As emphasized earlier, storing passwords in plain or clear text must be strictly avoided. This practice fails to meet the baseline expectations of enterprise-grade security frameworks and exposes systems to unnecessary risk. Instead, use hashed credentials—preferably with strong hashing algorithms such as SCRAM-SHA-256—and ensure that authentication-related files, such as userlist.txt, are protected with restrictive file permissions and monitored as part of your security hygiene.

With the necessary authentication and routing configurations in place, you can start the PgBouncer service if it’s inactive. This step enables the connection proxy layer, facilitating efficient pooling and intelligent query routing between client applications, PostgreSQL, and Readyset.

The provisioning and configuration of the PostgreSQL primary database cluster are intentionally omitted from this guide as they fall outside the scope of this post.
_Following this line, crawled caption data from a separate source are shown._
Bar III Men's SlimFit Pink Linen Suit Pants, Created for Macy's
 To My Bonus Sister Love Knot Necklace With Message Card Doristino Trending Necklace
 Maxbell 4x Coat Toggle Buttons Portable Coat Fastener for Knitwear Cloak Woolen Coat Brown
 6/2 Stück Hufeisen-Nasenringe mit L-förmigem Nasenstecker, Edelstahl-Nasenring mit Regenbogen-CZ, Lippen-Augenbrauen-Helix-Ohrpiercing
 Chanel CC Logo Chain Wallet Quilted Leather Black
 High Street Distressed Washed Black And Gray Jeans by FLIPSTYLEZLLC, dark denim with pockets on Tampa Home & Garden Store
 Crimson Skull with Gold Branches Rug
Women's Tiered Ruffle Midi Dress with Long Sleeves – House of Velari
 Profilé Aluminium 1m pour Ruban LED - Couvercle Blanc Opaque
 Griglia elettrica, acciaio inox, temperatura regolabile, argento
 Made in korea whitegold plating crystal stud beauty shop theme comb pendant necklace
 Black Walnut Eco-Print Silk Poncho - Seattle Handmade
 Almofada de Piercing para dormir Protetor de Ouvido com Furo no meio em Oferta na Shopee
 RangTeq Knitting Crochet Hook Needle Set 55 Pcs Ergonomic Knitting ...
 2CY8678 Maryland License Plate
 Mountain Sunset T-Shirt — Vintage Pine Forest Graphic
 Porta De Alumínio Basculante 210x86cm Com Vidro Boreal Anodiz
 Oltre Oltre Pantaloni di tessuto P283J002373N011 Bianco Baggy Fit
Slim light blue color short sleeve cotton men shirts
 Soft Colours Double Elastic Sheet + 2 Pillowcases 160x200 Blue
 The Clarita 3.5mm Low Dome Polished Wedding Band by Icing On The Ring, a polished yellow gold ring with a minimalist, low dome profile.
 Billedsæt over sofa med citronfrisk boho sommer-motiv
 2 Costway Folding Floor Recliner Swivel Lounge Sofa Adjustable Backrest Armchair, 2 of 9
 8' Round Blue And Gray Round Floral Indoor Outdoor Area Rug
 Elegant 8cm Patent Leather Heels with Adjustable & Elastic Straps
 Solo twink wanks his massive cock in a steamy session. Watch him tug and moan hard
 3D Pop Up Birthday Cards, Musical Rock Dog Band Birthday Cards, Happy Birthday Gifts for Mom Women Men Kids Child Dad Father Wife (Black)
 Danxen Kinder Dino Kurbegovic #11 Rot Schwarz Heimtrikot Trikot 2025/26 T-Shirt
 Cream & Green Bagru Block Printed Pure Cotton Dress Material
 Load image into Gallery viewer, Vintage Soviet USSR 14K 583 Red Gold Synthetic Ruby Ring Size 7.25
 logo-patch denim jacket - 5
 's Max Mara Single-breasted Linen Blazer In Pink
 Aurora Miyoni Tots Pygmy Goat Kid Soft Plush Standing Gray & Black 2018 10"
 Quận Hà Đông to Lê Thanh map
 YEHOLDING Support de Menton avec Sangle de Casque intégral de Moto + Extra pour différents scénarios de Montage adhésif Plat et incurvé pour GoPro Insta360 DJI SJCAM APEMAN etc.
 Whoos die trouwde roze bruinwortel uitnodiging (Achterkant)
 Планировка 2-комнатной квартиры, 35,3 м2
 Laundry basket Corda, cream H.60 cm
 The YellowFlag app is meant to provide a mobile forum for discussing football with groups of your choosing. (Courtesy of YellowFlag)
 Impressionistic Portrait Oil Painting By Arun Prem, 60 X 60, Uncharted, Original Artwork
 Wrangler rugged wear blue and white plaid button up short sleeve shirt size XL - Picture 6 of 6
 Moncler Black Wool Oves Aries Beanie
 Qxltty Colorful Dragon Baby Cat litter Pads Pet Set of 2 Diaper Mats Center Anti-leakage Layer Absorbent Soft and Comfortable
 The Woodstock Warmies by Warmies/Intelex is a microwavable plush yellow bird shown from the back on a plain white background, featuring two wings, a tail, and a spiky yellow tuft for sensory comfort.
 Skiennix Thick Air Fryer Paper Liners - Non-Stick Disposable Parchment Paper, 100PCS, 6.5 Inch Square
It is assumed that your PostgreSQL environment is already running and properly configured to serve as the authoritative source for replication and query data.

Enter Readyset, your Replica with an Intelligent Cache

Readyset is a purpose-built caching engine explicitly designed for SQL-based databases such as PostgreSQL and MySQL. Its primary goal is to optimize read-heavy workloads by offloading recurring and computationally expensive queries from the primary database layer. Unlike traditional replicas, which mirror the entire dataset and rely on query execution against physical tables, Readyset operates as a logical cache layer, ingesting data in real time and serving precomputed query results with minimal latency.

Rather than replicating the entire data set or relying on full-page fetches, Readyset connects to the upstream database in a strictly read-only mode and consumes changes directly from the WAL (Write-Ahead Log) in PostgreSQL or binary logs in MySQL. Based on this stream of changes, it incrementally constructs and maintains partially materialized views—specialized query-based caches continuously synchronized with the source database. This architectural approach allows Readyset to respond to repetitive queries with near-instantaneous speed while reducing the load on the primary database engine.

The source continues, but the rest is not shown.